Respirei fundo, tentando conter as lágrimas insistentes. “Então é assim? Você me enxota da sua vida sem razão consistente, me fazendo sentir como a pior das criaturas e agora, meses depois, quando eu finalmente consigo me equilibrar e esquecer a dor que senti por acreditar que tinha encontrado e perdido meu Éden, você chega e pensa que vai me ganhar de novo com um monte de flores?”, soltei num ímpeto. Afinal, esse meu ‘discurso’ estava engasgado há meses. Mas ela parecia não ter dado muita atenção à minha verborragia.
“Nessa minha reclusão, eu pude perceber a mulher maravilhosa que você é e compreender a fundo a sua última mensagem, em que me disse que seria leviano prometer uma relação sem conflitos. Você nunca deixou de ser meu amor”. E nesse momento, a voz foi ficando embargada. “E é justamente por isso que eu estou aqui agora e mandei esses doze buquês pra você. Eu queria que você me perdoasse por toda a confusão que eu causei, toda a mágoa que te fiz sentir e que me aceitasse de volta como sua namorada”, uma lágrima saltou repentinamente dos olhos dela. “Que tal terminamos essa conversa naquele restaurante japonês que você adora?”, propôs, tentando enxugar as lágrimas.
O primeiro abraço foi inevitável. Minha armadura foi jogada ao chão com o peso próprio do aço frio. Aquelas palavras, dotadas de sinceridade e humildade, me tocaram mais profundamente que a dor da separação.
Jantamos no japonês e ela me levou para sua casa. Ainda na garagem, ela pediu que eu esperasse um pouco no carro, me estendeu uma venda preta felpuda e, de olhos baixos, me pediu: “Coloca isso. As surpresas ainda não acabaram, meu amor”.

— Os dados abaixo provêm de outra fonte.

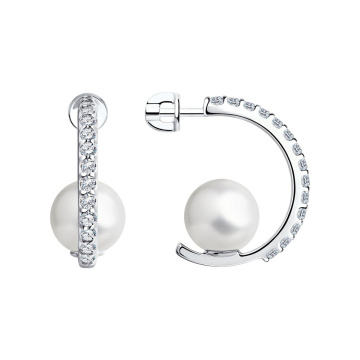 Ohrstecker aus 925er Sterling Silber mit Zirkonia, Perlen 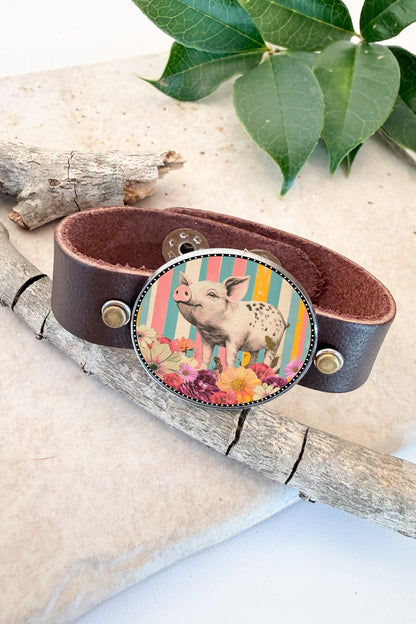 Spirit Lala: Pig Pop Art Cuff Bracelet - ivyandlavyboutique Spirit Lala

Desci do carro e coloquei a venda. Ela foi me guiando passo a passo até o quarto, num exercício prático de confiança. Em frente à porta, ela parou e disse: “Tire a venda, mas só abra os olhos quando eu disser”. Ouvi o suave ranger da porta e um perfume maravilhoso exalar. “Pode abrir”, ordenou me abraçando pelas costas.
Meus olhos foram se acostumando com a meia luz iluminada por algumas pequenas velas que decoravam o ambiente. Na cama, ao lado das taças e da garrafa de Champagne, um enorme coração desenhado com pétalas vermelhas e nossas iniciais dentro me deixaram boquiaberta.
Ela colocou a nossa trilha sonora para enaltecer ainda mais o momento, abriu a Champagne me convidando a um brinde e me tirou para dançar. “Que nunca mais venhamos a nos separar, meu amor. Prometo te fazer a mulher mais feliz do mundo daqui por diante”, garantiu.
Fizemos amor por longas horas, como era antigamente. Ela ainda guardava na memória cada canto do meu corpo e houve mais cumplicidade do que nunca. Percebemos que o sentimento que nos uniu um dia não morreu, apesar da separação dolorosa. Exercitamos o perdão e compreendemos que o amor supera as diferenças que, muitas vezes, nós mesmos imputamos ao outro com quem convivemos.
Quando existe amor verdadeiro, passa o tempo, passa a dor, vem o perdão e compreendemos que um relacionamento é feito de cessão em via dupla. Que o amor reine incondicionalmente em nossos corações e lares.